A recent study has found that replacing opioids with cannabis, in methadone patients, just doesn’t work (McBrien et al.). It doesn’t reduce other drug use in methadone patients, and it doesn’t increase their retention in treatment. That doesn’t mean that cannabis can’t help with anxiety or other problems. It just does nothing to treat withdrawal. And it certainly is not a substitute for methadone or buprenorphine.
Yes, a 2014 study found a correlation between marijuana legalization and a reduction in opioid overdoses, state by state. But correlation doesn’t mean causation. And that study had many limitations, clearly stated by the authors, but not included in the widespread news coverage it got (Bachuber et al.). In a study published this summer, researchers found no link between legalization and overdose reduction, and in fact, found that the course had reversed since 2010, with states that have legalized marijuana showing an increase in opioid overdoses (Shover et al.).
Whether OTPs test for cannabis is another question. It’s better for patients if they don’t–because states that require it, usually also require punitive action, like reducing take-homes (see https://atforum.com/2019/02/cannabis-otps-what-next/). Both SAMHSA and the Joint Commission require THC testing only upon admission.

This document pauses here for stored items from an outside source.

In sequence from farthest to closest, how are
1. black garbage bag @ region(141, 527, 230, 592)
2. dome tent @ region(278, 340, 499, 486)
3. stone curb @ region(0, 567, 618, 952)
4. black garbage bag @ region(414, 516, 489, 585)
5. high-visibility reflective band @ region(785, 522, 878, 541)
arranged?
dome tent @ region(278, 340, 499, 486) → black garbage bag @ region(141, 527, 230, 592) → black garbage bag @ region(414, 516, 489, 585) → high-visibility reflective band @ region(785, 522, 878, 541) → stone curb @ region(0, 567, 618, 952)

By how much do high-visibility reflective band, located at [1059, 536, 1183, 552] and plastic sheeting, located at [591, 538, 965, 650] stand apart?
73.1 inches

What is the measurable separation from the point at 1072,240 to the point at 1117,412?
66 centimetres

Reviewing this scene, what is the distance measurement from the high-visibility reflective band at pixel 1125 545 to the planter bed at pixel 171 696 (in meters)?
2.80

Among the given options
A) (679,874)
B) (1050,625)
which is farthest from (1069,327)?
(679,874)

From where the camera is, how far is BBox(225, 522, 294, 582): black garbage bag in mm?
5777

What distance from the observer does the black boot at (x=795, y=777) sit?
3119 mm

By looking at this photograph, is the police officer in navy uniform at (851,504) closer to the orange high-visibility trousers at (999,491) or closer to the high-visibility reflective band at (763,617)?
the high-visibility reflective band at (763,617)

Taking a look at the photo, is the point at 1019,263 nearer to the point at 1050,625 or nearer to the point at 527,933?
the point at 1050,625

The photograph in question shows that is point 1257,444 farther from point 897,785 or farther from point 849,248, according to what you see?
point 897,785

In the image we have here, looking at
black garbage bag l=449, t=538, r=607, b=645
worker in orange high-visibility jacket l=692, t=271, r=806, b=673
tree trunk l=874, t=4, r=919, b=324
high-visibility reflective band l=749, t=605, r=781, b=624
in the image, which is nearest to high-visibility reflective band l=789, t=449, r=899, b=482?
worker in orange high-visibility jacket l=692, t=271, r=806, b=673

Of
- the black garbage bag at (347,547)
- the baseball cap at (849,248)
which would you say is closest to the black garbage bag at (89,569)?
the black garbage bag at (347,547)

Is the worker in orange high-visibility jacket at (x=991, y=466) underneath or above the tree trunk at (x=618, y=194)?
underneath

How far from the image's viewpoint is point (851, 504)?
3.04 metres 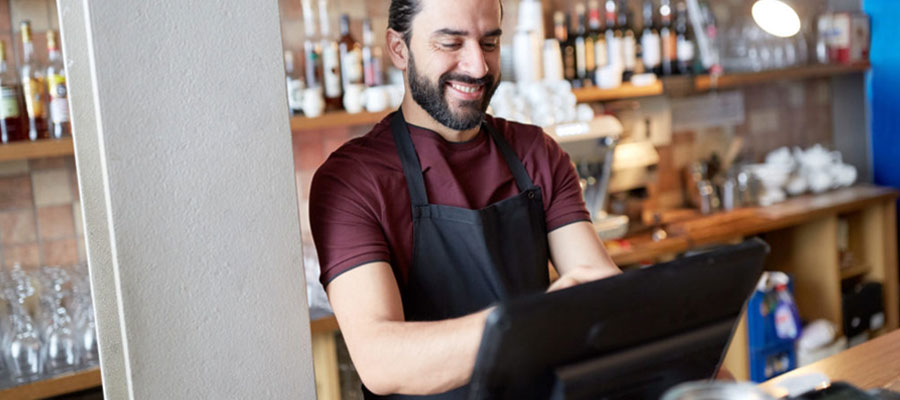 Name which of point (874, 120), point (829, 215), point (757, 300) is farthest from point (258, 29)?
point (874, 120)

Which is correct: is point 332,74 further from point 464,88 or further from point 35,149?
point 464,88

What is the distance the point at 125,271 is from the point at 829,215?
3.89 metres

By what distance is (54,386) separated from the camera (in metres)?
2.66

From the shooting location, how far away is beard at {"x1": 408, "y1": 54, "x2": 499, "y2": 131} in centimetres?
186

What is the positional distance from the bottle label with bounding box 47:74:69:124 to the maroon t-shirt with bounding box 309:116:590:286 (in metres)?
1.43

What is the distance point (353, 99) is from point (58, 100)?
1.02 m

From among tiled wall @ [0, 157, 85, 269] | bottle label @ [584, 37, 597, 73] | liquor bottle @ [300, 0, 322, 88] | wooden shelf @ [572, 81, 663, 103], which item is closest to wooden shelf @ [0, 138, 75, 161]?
tiled wall @ [0, 157, 85, 269]

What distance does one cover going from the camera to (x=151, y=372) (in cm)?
140

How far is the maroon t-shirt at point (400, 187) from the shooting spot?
5.72ft

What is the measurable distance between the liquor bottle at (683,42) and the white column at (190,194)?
3394mm

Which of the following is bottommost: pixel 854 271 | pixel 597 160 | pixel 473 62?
pixel 854 271

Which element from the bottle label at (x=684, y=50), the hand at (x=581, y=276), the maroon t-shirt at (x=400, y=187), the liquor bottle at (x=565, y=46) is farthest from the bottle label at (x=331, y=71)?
the hand at (x=581, y=276)

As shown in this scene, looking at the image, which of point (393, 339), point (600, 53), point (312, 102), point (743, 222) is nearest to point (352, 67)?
point (312, 102)

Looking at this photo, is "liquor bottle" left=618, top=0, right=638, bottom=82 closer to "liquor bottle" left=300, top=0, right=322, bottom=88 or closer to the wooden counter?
the wooden counter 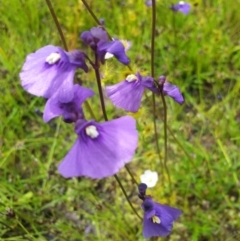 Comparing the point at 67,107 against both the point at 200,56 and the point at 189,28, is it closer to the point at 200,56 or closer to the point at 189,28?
the point at 200,56

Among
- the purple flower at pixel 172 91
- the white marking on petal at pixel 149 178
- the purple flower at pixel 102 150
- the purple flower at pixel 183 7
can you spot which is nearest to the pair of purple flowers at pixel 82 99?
the purple flower at pixel 102 150

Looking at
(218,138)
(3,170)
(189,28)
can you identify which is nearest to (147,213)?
(218,138)

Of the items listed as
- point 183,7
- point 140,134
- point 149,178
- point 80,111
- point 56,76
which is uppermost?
point 56,76

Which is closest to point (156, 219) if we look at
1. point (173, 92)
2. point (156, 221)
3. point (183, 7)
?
point (156, 221)

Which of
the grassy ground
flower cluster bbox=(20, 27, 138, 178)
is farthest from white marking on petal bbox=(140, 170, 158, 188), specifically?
flower cluster bbox=(20, 27, 138, 178)

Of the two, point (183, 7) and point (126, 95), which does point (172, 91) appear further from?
point (183, 7)

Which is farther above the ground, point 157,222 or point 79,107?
point 79,107

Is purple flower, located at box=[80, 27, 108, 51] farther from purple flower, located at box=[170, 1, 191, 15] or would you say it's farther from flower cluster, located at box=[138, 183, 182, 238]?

Finally, the American Association for the Treatment of Opioid Dependence (AATOD) is not ignoring the role of cannabis. At a workshop at the AATOD conference held in October, Christine Roussel, PharmD, and Gail Groves Scott, MPH, gave a presentation on facts and myths about the therapeutic use of cannabis. Dr. Roussel is director of pharmacy at Doylestown Hospital in Philadelphia, where she is adjunct professor at University of the Sciences, and Ms. Scott is an opioid policy researcher at the University of the Sciences. We were not at their session, but according to the excellent slides, there is a lot of research that still needs to be done in terms of OUD. And cannabis is not a harmless substance. Risks include falls, anxiety, and memory problems (short term, acute use) and cannabis use disorder (long-term use).
“Uncontrolled psychosis” doesn’t sound like a good side effect for anyone, certainly not for someone with any substance use disorder. And methadone and buprenorphine do not list psychosis as an adverse effect.
Hurd YL, Spriggs S, Alishayev J, et al. Cannabidiol for the reduction of cue-induced craving and anxiety in drug-abstinent individuals with heroin use disorder: A double-blind randomized placebo-controlled trial [Epub ahead of print May 21 2019]. Am J Psychiatry. 2019;176(11):911-922. doi:10.1176/appi.ajp.2019.18101191.
McBrien H, Luo C, Sanger N, et al. Cannabis use during methadone maintenance treatment for opioid use disorder: A systematic review and meta-analysis. CMAJ Open. 2019;7(4):E665-E673. doi:10.9778/cmajo.20190026.
Bachhuber MA, Saloner B, Cunningham CO, Barry CL: Medical cannabis laws and opioid analgesic overdose mortality in the United States, 1999-2010. JAMA Intern Med. 2014;174(10):1668-1673. doi:10.1001/jamainternmed.2014.4005.
Shover CL, Davis CS, Gordon SC, Humphreys K. Association between medical cannabis laws and opioid overdose mortality has reversed over time [Epub ahead of print June 10 2019]. Proc Natl Acad Sci U S A. 2019;116(26):12624-12626. doi:10.1073/pnas.1903434116.